Or something like that.
It's the only explanation I have for the insanity of the past 3 weeks. Separation anxiety, nap problems, bedtime problems, behavior problems. You name it. We're going through it. Hence why I've been up since 4:30 am on Memorial Day. I'm not going to talk about who's ultimate decision it was to take away the beloved "baby 'fier" as Camren affectionately called it except suffice it to say it wasn't ME. Although I'm sure that if he did still have it then he "would surely keep it until kindergarten." Not to mention that we are in the busiest work months where many days I'm a single mom. Or that he was already having a tinge of separation anxiety prior to the executive decision to terminate the baby (hmmm, maybe not a good time to do it, but hey what do I know?). Of course baby 'fier was already just a staple at naptime and bedtime so that seemed reasonable to me. And the pediatrician said he would give it up naturally but at a minimum we had discussed having some type of giving away ceremony. Or at least I thought we did. Maybe I dreamed it. Maybe it wouldn't have mattered. Maybe it's not the problem but since these issues are lingering on I'm sure looking for something to pin it on.
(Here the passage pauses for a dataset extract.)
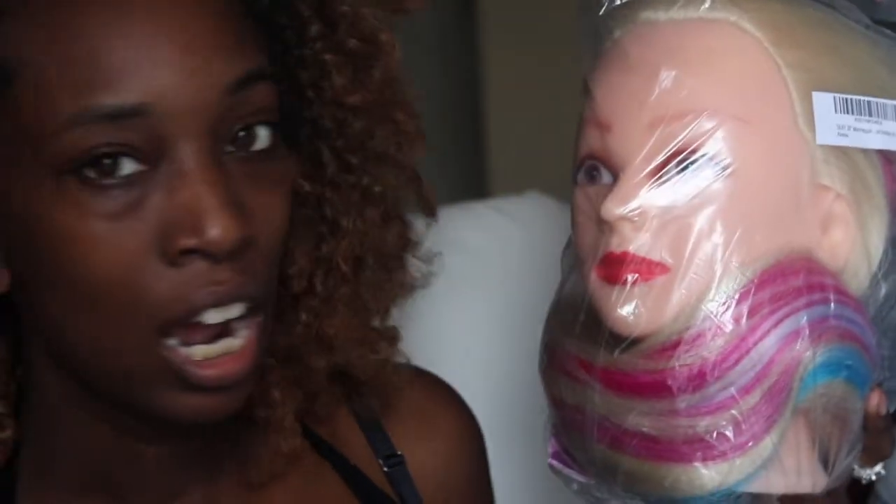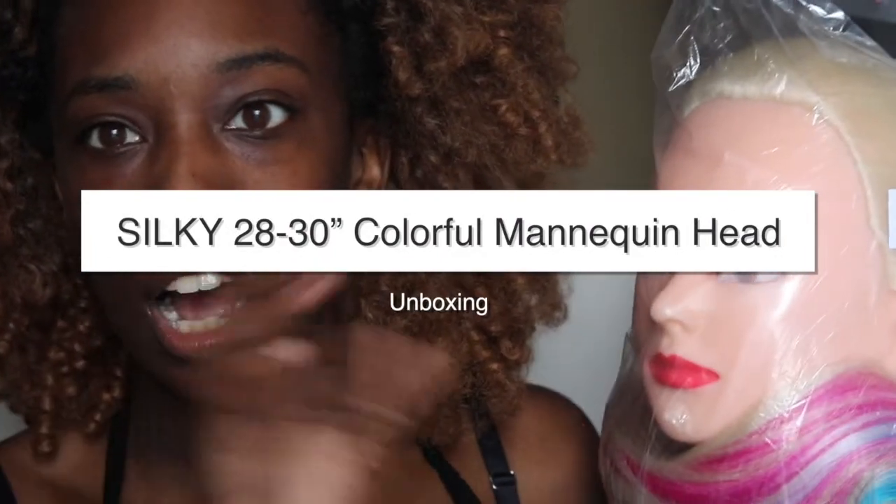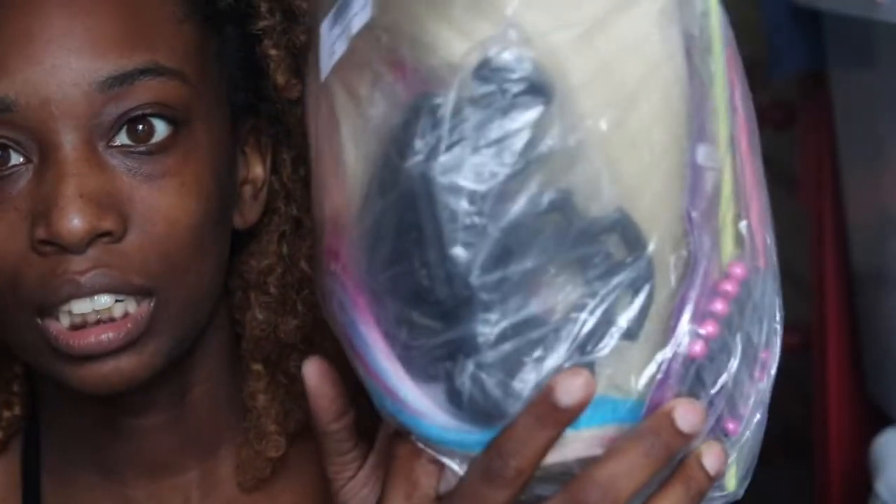Today's video is going to be on this amazing mannequin head that I received. I'll have the name going across the video so you guys can see, and I'll also have the price in here as well. When you buy this mannequin head — which I was not expecting — you get it off Amazon and it comes with a lot of great extra things inside. I'll be going through everything that you receive when you get this mannequin head.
He only asked for it a few times after the initial termination. But even though he's not verbalizing it I'm thinking actions speak louder than words. Maybe I'm an enabler. Surely when he's older I won't be giving him alcohol or drugs to help him deal with his daily problems (No, I'll be buying them for me probably in the near future. Actually, that reminds me I haven't gotten that Lortab prescription filled from when I partially tore my Achilles last week in karate. And that's a whole other blog post).
Well, given the meaning of Memorial Day this is insignificant. This too shall pass. But when?